Every writer has found themselves in your place at least once before, so make sure to not let your current state get to your head. You need to stick with the entire process and trust that you will come out of it sooner rather than later.
How to Write Regardless of Anything
There are things in our lives that we just can’t control—the neighbor’s dog, your aggravating boss, or your cluttered desk (okay, maybe this is one thing that you can control but don’t really have the time for). These are all things that will most certainly get in the way of your writing, but they’re definitely not holding you back.
You may never find the peace and quiet that you’re looking for, nor will you magically find your pen writing on a piece of paper after you spend hours trying to create the right atmosphere for writing. You’ve tricked yourself into believing that decluttering your life is the ultimate solution. Many of the world’s renowned writers have to find their chairs amidst the clutter in their office. Their space is flooded with endless manuscripts and drafts, but this doesn’t stop them from getting their words down.
There are some things in your life that you can’t help but tend to. If your child’s academics are on the line or if your elderly relative is not feeling well, you’re going to have to step in and help. Decorating your office and putting everything away, when you’re already incredibly busy, can wait. Challenge yourself not to look at or hear any distractions.
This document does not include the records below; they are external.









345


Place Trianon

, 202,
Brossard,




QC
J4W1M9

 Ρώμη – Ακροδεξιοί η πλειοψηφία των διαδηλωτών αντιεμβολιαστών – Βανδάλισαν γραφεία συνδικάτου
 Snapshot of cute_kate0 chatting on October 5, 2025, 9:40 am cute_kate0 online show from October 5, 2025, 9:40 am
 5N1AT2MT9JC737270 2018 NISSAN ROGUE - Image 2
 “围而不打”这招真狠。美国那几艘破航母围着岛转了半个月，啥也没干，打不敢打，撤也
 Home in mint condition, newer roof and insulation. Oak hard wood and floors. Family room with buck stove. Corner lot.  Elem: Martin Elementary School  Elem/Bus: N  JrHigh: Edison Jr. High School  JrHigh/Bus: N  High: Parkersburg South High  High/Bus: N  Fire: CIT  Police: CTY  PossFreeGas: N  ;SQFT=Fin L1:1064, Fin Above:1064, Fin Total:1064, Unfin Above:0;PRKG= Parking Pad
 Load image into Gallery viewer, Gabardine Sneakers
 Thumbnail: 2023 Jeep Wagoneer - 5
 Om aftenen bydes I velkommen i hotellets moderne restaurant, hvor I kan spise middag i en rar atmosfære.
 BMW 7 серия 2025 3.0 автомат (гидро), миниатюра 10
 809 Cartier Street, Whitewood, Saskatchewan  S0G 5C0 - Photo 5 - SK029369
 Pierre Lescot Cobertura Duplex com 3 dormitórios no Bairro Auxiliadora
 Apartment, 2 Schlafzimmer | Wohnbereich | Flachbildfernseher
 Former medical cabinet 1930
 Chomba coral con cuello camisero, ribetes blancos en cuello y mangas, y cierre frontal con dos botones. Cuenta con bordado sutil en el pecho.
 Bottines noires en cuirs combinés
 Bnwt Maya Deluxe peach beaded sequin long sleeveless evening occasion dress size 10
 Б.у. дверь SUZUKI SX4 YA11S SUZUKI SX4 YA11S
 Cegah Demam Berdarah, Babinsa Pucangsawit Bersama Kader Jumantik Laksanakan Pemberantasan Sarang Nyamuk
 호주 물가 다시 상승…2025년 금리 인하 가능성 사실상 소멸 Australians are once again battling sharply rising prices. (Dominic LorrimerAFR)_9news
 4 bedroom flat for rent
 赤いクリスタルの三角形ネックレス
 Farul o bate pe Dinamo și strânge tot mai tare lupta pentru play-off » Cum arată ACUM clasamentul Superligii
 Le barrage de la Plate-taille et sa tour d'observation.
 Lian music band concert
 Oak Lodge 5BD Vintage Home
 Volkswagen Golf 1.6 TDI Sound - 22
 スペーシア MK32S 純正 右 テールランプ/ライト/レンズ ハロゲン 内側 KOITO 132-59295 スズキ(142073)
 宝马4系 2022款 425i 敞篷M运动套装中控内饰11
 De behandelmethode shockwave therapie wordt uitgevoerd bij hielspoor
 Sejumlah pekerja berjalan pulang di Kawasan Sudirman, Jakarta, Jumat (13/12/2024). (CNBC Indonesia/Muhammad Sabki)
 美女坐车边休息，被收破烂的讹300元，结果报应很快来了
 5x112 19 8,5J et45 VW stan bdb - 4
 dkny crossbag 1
Don’t mind the clutter, the noise, or the inconveniences surrounding you.
The goal here is to learn to write regardless of anything. We humans are inclined to come up with very convincing excuses for everything. No matter how many distractions you resolve to ignore, your mind will only come up with more. Your only solution is to make the best out of your current situation and get yourself to focus on the task at hand as best as you can. Only after you finally get some ideas and take some time off for yourself, can you tend to these minor issues.
Writing, even when you have nothing to write about, can sound a lot like self-discipline. You have to change your mindset and work around your brain. You need to do anything except give in to the excuses that your mind manages to come up with. The thing you need to realize is that the one thing that’s holding you back as a writer is your unwillingness to take the steps that ward off your “creative rut.”